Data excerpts
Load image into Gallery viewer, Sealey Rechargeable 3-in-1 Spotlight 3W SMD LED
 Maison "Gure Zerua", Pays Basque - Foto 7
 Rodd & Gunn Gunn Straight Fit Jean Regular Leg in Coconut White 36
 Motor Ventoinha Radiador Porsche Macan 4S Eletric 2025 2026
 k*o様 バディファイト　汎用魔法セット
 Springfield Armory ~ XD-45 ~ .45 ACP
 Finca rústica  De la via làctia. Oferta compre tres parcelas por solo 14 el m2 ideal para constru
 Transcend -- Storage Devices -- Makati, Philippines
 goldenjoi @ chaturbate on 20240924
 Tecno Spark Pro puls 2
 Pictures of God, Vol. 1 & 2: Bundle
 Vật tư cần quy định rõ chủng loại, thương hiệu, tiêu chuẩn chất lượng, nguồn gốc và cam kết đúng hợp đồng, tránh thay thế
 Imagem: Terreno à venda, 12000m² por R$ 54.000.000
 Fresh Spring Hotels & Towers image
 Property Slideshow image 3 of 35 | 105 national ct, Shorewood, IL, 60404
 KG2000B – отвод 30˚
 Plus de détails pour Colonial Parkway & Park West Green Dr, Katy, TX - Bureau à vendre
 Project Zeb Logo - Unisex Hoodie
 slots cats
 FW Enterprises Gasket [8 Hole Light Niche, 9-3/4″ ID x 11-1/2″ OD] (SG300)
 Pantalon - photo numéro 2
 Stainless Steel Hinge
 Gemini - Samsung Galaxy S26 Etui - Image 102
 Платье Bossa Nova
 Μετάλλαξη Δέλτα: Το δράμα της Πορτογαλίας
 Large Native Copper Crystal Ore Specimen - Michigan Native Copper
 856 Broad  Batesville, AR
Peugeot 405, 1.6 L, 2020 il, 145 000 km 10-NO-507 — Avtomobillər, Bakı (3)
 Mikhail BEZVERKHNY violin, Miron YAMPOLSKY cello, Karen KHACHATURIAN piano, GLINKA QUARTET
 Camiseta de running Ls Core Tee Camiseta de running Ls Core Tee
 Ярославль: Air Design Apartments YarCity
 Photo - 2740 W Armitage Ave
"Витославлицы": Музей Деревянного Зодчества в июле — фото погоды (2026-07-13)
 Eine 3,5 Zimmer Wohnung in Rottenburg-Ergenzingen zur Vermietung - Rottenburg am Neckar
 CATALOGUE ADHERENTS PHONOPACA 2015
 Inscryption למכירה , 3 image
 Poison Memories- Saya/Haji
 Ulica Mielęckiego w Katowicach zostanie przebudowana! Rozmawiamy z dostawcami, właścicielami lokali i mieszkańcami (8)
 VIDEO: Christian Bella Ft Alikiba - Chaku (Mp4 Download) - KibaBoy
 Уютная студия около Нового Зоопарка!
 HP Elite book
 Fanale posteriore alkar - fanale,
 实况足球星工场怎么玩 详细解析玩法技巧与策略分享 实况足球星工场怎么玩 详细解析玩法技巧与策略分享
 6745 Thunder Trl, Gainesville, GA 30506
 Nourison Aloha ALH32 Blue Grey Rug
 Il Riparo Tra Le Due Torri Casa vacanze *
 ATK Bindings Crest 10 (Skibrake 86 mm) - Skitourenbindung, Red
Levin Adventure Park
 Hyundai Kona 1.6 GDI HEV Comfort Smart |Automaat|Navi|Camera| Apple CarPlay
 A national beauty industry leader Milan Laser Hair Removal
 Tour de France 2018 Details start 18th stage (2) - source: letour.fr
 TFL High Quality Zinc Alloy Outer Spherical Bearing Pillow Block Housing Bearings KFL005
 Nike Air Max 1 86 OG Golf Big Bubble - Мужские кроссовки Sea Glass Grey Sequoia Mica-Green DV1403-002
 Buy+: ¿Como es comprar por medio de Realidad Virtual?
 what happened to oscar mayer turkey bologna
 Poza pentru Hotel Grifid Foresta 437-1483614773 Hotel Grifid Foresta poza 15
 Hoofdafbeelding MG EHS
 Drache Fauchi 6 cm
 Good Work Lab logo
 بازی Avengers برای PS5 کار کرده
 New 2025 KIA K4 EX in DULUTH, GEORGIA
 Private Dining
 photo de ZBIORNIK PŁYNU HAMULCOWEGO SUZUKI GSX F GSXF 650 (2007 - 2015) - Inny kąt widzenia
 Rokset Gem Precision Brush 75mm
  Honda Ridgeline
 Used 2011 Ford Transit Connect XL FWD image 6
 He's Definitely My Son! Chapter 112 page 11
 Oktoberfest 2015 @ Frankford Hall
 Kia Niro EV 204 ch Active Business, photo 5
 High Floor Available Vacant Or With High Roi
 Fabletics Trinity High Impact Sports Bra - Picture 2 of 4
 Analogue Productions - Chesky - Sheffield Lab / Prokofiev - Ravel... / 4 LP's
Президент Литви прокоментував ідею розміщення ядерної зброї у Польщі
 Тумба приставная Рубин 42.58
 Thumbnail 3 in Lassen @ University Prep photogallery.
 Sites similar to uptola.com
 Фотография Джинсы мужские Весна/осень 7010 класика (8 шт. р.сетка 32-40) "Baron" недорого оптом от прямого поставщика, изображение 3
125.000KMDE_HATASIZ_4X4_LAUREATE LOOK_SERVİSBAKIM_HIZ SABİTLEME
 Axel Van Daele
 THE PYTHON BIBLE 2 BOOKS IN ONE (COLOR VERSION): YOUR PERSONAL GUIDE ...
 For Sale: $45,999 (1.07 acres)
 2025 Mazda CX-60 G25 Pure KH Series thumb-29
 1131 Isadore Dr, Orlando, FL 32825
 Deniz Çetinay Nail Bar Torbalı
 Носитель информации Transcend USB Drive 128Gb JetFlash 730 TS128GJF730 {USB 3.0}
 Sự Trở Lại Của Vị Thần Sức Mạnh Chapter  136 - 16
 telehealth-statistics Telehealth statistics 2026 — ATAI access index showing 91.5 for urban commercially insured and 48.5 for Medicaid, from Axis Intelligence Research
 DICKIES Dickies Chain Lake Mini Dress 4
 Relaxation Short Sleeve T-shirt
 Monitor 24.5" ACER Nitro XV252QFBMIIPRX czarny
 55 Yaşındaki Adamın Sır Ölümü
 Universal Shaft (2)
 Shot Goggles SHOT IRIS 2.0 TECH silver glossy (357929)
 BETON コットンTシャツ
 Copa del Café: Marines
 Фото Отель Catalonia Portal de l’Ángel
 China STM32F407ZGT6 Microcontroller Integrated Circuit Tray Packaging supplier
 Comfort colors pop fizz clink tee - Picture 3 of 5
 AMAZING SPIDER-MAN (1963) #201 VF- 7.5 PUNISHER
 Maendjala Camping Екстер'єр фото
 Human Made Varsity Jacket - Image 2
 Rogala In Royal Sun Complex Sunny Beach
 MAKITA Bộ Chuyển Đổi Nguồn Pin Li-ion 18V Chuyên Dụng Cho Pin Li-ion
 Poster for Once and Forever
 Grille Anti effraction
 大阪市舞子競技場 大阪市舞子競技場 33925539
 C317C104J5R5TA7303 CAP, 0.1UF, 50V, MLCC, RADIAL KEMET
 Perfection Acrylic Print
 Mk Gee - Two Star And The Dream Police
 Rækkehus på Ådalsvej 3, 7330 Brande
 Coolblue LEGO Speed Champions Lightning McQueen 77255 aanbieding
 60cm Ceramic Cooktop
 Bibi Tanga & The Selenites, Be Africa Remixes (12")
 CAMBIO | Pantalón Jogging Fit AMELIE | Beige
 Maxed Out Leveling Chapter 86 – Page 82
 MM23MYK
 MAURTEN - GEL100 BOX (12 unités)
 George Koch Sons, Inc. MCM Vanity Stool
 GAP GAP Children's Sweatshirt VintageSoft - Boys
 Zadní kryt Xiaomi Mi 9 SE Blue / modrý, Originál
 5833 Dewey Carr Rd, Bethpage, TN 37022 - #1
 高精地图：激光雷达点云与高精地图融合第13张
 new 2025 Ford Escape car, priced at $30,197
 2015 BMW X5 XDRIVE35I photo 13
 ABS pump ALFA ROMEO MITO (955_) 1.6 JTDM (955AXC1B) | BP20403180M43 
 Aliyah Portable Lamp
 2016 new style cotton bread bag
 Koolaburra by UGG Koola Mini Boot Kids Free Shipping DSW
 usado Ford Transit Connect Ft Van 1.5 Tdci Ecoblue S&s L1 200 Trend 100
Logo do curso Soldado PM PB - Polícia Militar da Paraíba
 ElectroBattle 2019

• [PROMPT]
Every line from the one containing "Koolaburra by UGG" through the last line above should be retyped exactly; no other lines are wanted.

• [RESPONSE TO THE EXERCISE]
 Koolaburra by UGG Koola Mini Boot Kids Free Shipping DSW
 usado Ford Transit Connect Ft Van 1.5 Tdci Ecoblue S&s L1 200 Trend 100
Logo do curso Soldado PM PB - Polícia Militar da Paraíba
 ElectroBattle 2019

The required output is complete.